Working data:
+-------+
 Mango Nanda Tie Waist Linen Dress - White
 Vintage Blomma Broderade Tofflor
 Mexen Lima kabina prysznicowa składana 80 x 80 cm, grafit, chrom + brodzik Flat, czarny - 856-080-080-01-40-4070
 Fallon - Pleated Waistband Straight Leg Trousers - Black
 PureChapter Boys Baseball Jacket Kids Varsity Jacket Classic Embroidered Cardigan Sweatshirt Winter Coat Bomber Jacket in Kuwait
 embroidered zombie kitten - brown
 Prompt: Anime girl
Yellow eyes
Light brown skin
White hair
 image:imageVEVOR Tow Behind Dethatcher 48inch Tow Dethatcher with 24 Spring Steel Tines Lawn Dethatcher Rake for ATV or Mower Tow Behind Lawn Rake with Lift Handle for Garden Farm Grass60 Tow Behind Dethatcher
+-------+
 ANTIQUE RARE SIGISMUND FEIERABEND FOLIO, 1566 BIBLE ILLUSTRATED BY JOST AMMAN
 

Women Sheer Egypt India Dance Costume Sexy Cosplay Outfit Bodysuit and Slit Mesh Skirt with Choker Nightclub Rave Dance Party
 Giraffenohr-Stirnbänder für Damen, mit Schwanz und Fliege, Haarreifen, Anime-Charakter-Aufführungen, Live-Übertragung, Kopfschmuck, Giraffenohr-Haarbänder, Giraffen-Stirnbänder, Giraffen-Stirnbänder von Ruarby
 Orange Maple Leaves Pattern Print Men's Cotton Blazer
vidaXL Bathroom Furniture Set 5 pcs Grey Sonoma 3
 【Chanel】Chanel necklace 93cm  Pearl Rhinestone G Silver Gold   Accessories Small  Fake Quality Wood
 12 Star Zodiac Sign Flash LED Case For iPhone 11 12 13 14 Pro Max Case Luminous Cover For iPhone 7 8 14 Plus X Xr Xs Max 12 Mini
+-------+
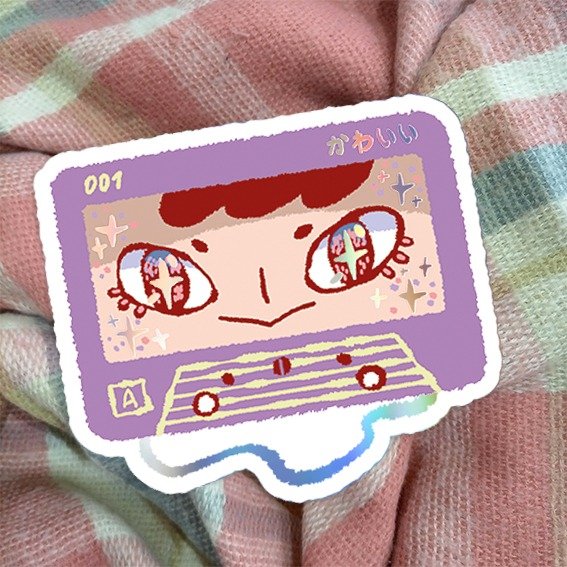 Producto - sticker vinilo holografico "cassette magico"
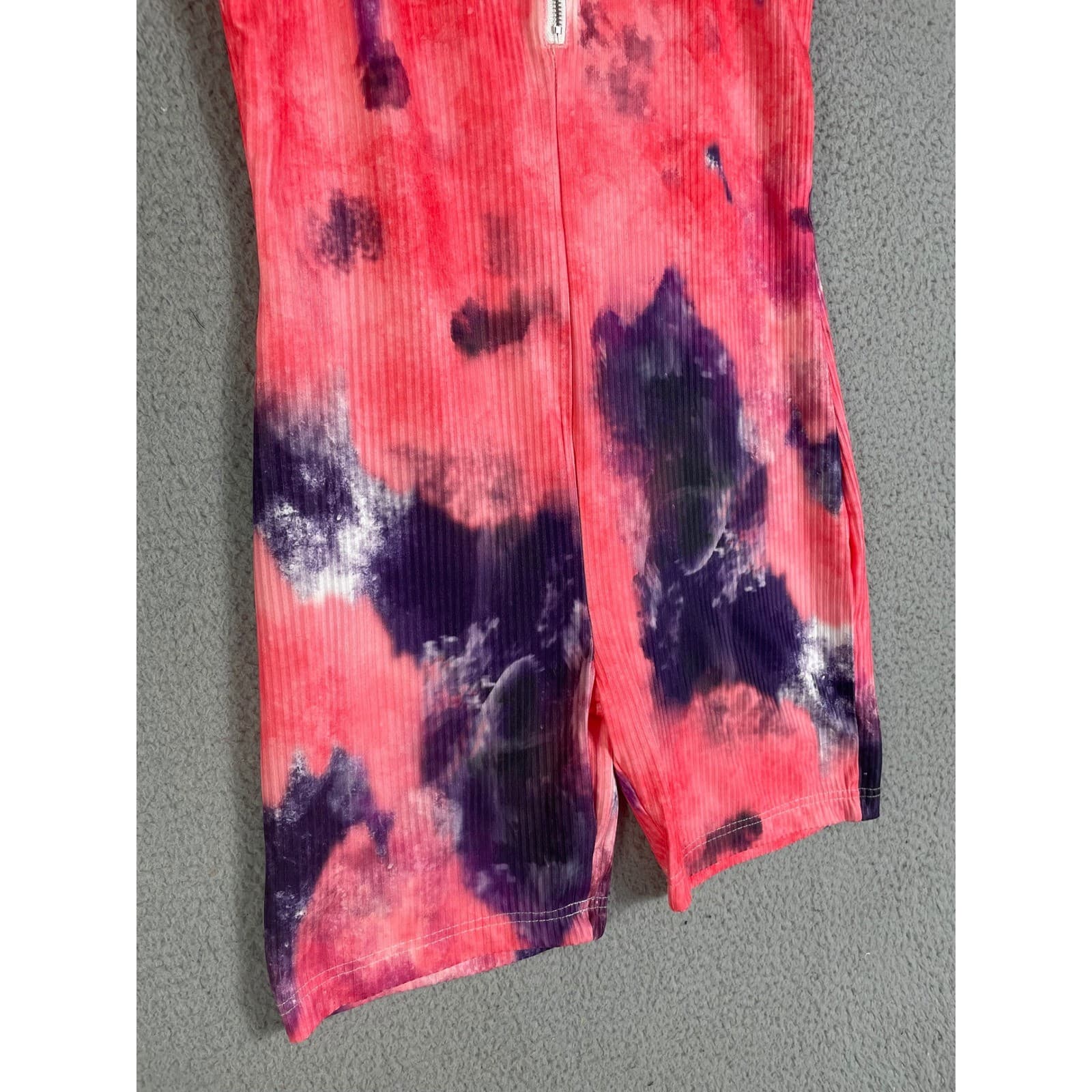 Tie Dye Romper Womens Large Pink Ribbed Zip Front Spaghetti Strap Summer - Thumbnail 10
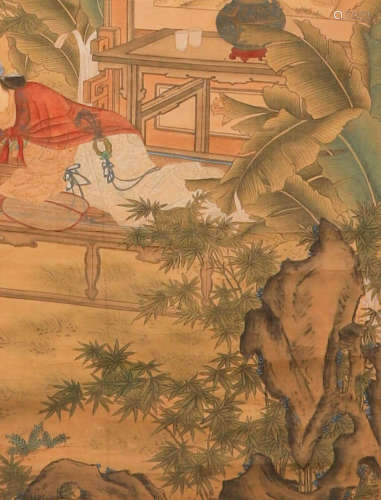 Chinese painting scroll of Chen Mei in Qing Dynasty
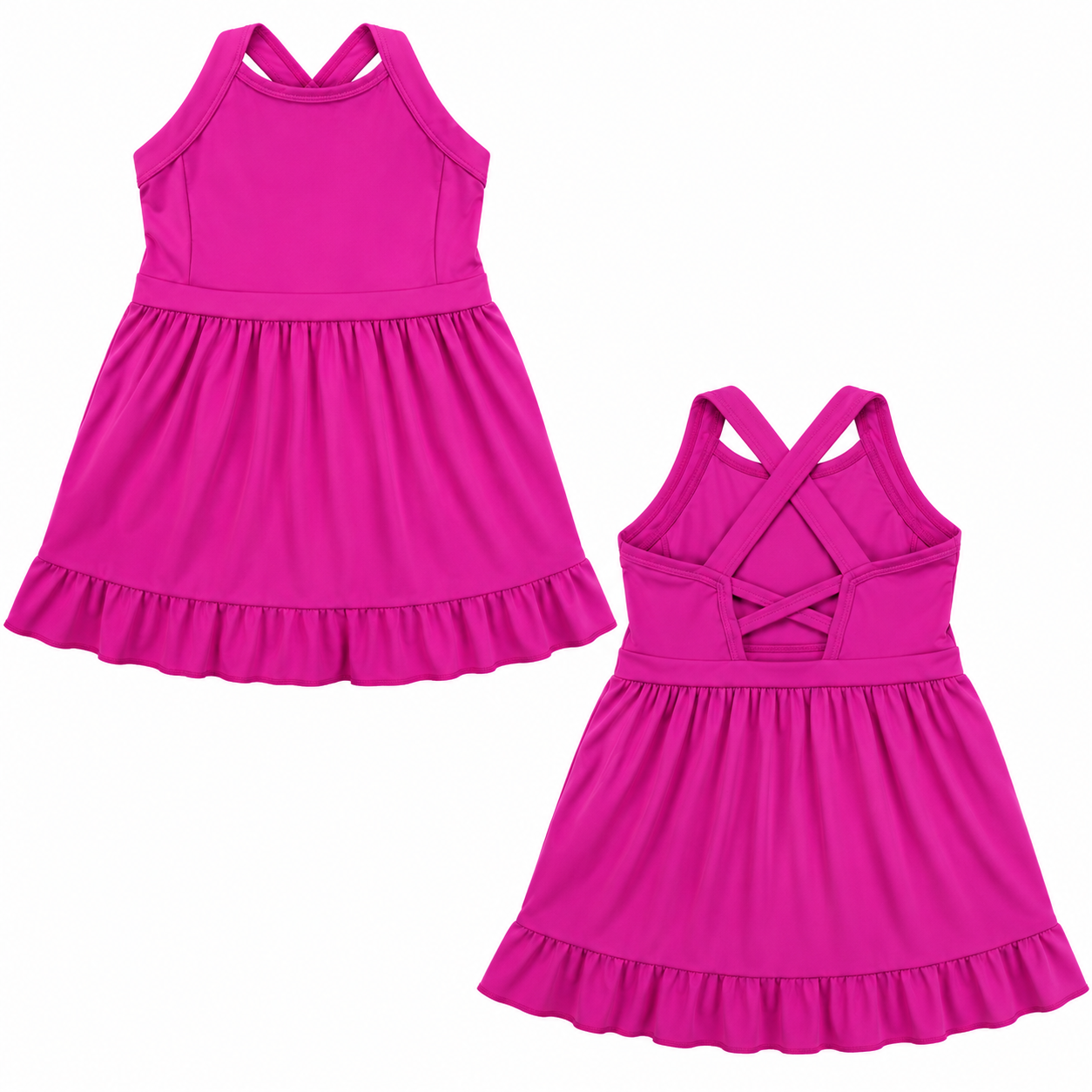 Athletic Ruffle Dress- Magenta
+-------+
Task instructions: Select every line above that contains the word "Anime", and copy it.

Solution for this task:
 Prompt: Anime girl
 Giraffenohr-Stirnbänder für Damen, mit Schwanz und Fliege, Haarreifen, Anime-Charakter-Aufführungen, Live-Übertragung, Kopfschmuck, Giraffenohr-Haarbänder, Giraffen-Stirnbänder, Giraffen-Stirnbänder von Ruarby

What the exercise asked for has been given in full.